PDA

Zobacz pełną wersję : jednorazówki greenty - ekościema?



jul
20-11-2012, 13:24
rozglądam się za eko jednorazówkami na pierwsze dni dla malucha no i trafiłam na greenty (http://greenty.pl/) - sprzedawane teraz w iluś sklepach eko-pieluszkowych, w recenzjach też funkcjonują jako eko-pieluszki. Tanio=zachęcająco. Ale zaczęłam szperać po sieci i pojawiły się wątpliwości - w sumie nawet na stronie pieluszek wyrażenia "eko" pojawiają się tylko w kontekście herbaty, a żeby pieluszki jako takie były eko, dystrybutor nic nie pisze, w każdym razie ja nie znalazłam...

Stwierdziłam, że odpuszczam, poszukam czego innego. Jednak jak kilka dni później jedna z forumowych dziewczyn rozmawiała z pewnym renomowanym sprzedawcą eko pieluch i usłyszała, że produkt to żadna chińszczyzna, że producent z Nowej Zelandii, w Pl są przepakowywane i dostarczane kompletem informacji po polsku, podjęłam poszukiwania na nowo. Bo poczułam, że ktoś potencjalnego klienta (a może i siebie samego?) robi w konia.
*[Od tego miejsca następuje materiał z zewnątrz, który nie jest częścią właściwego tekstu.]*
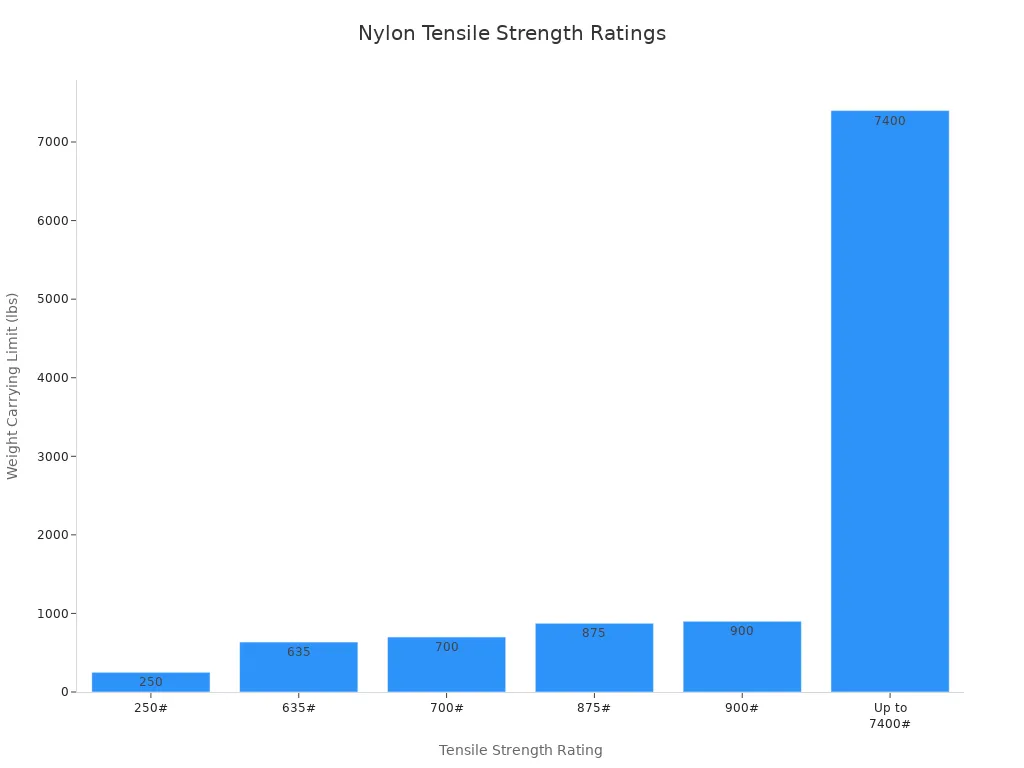 Bar chart showing nylon tensile strength ratings and their weight carrying limits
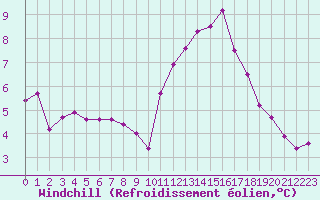 Courbe du refroidissement olien pour Saint-Romain-de-Colbosc (76)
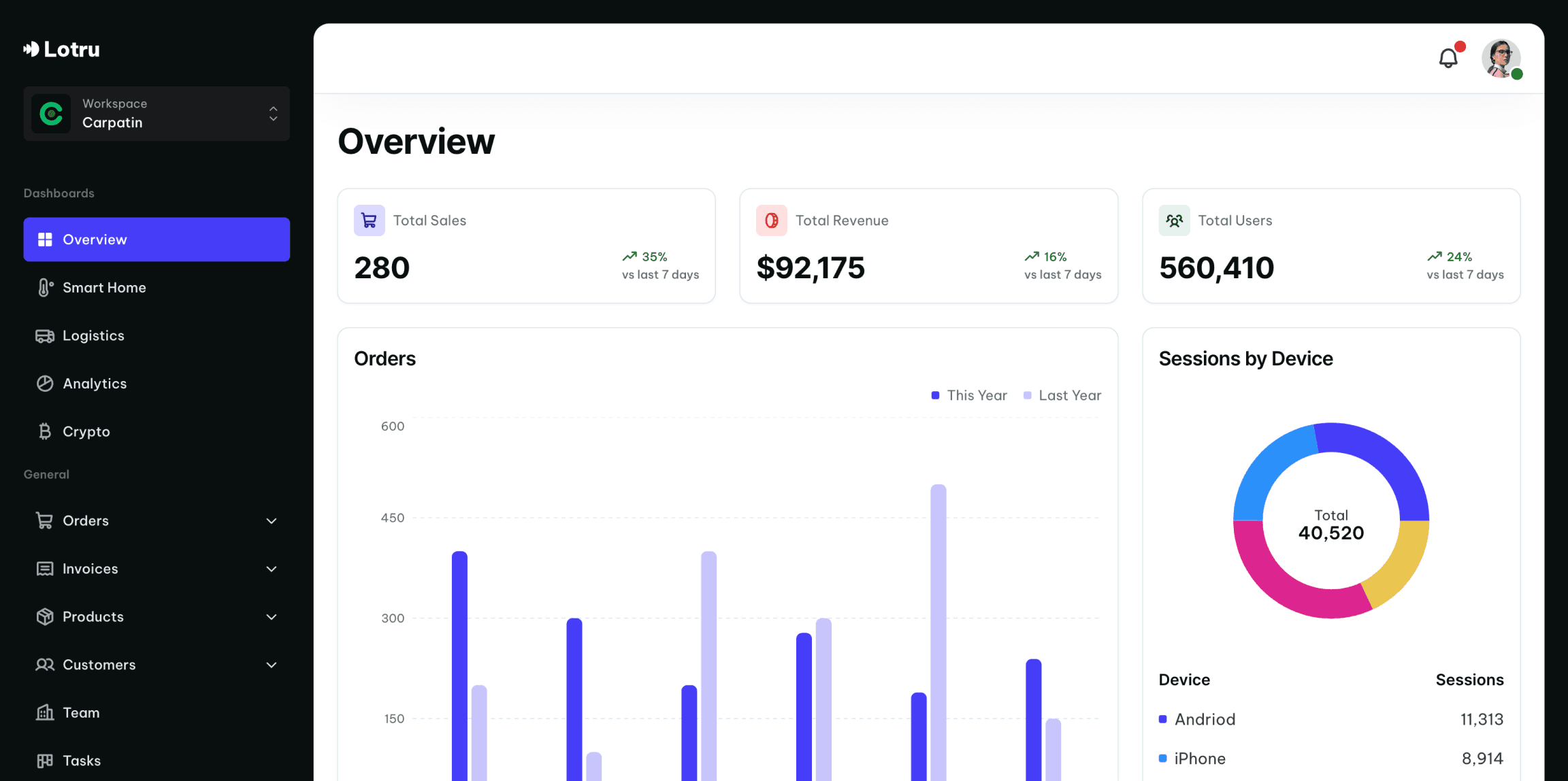 Product Screenshot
Jeśli nie jest to żadna chińszczyzna, to czemu na certyfikacie PZH (http://greenty.pl/img/atest.jpg) napisane jak byk producent Chiny. Oczywiście, samo to nie oznacza złej jakości, braku ekologiczności etc, wielu renomowanych i nie-chińskich producentów produkuje w Chinach wedle swoich pomysłów i sprawując kontrolę nad linią produkcyjną. Tyle, że w tym wypadku nawet na stronie dystrybutora nie napisano wyraźnie kto za pieluszkami stoi, kto je firmuje i odpowiada za ich jakość, podali jedynie, że jakieś nienazwane konkretnie "laboratorium w Nowej Zelandii wybrało z dostępnych odmian zielonej herbaty tę, która ma najlepsze właściwości antyseptyczne oraz lecznicze i opracowało unikalną ekologiczną warstwę pieluszek «GREENTY» (patent nr ZL 2008 2 0102735.5), zapewniającą wysoką ochronę przed podrażnieniami i wysypką na delikatnej skórze dziecka. (http://greenty.pl/content/6-dlaczego-zielona-herbata)" W sieci nie udało mi się znaleźć tych pieluszek na Nowej Zelandii czy gdzieś indziej, no gdziekolwiek poza Polską, Litwą i Rosją, ale może źle szukałam.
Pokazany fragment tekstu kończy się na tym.